David Colombo, 19-letni specjalista ds. cyberbezpieczeństwa z Niemiec, przejął kontrolę nad ponad 25 samochodami marki Tesla z 13 krajów, bez wiedzy ich właścicieli. Lukę na szczęście wykryła osoba, która na co dzień zajmuje się kwestiami bezpieczeństwa, a nie cyberprzestępca. Eksperci Check Point Software wskazują, że wydarzenie to może być punktem zwrotnym dla bezpieczeństwa cybernetycznego samochodów.
Jak się okazuje stojący za przejęciem samochodów David Colombo był w stanie podać dokładną lokalizację każdego samochodu, wyłączyć wszelkie zabezpieczenia, otworzyć okna i drzwi. Ekspert podkreślił jednak, że nie był w stanie kierować zhakowanymi samochodami Tesli. Zaznacza jednak, że bez problemu mógłby je ukraść, gdyby znajdował się w ich pobliżu.
– Fakt, że młody niemiecki haker, był w stanie włamać się do wielu samochodów Tesli, wywołuje szok w przemyśle motoryzacyjnym i budzi obawy o to, czy niezidentyfikowana osoba może dziś przejąć stery naszego pojazdu np. przy prędkości powyżej 100 km/h! I choć zagłębiając się w szczegóły, nie było to realne zagrożenie, to przypadek ten jest wart szczególnej uwagi. – mówi Lotem Finkelsteen, Szef działu wywiadu i badań nad zagrożeniami w Check Point Software Technologies.

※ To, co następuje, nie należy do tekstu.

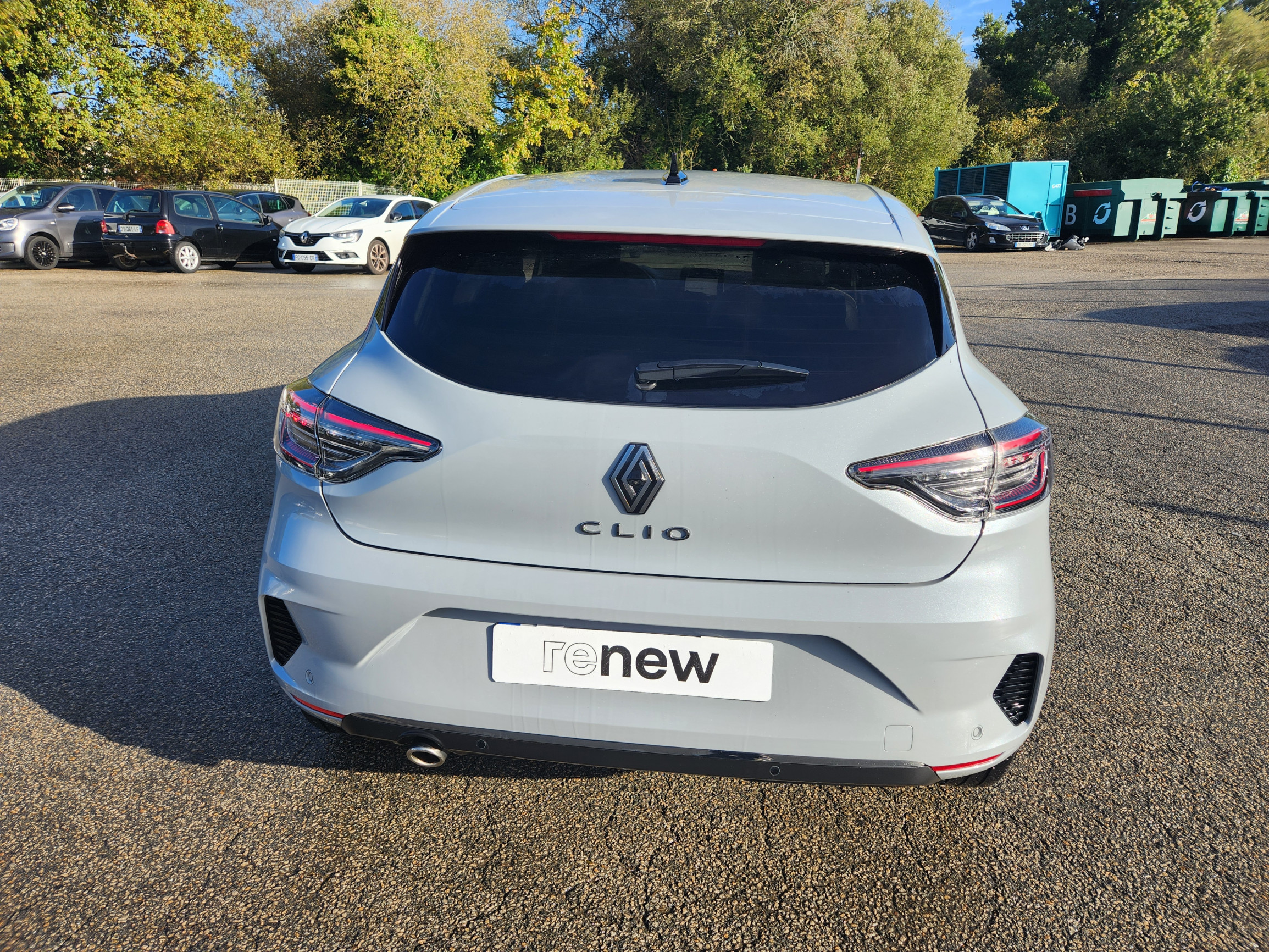 Vente en ligne Renault Clio 5 Clio TCe 90 au prix de 16 899 €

Niemiecki ekspert potwierdził, że właściciele pojazdów nie mają pojęcia o tym, że ktoś przejął kontrolę nad ich samochodami. Nastolatek nie zdradził w jaki sposób udało mu się tego dokonać, podkreśla jednak, że nie jest to wina producenta, lecz właścicieli samochodów Tesla. Oprogramowanie aut jest w pełni sprawnie, jednak właściciele popełniają błędy, przez które dostęp do samochodów jest możliwy.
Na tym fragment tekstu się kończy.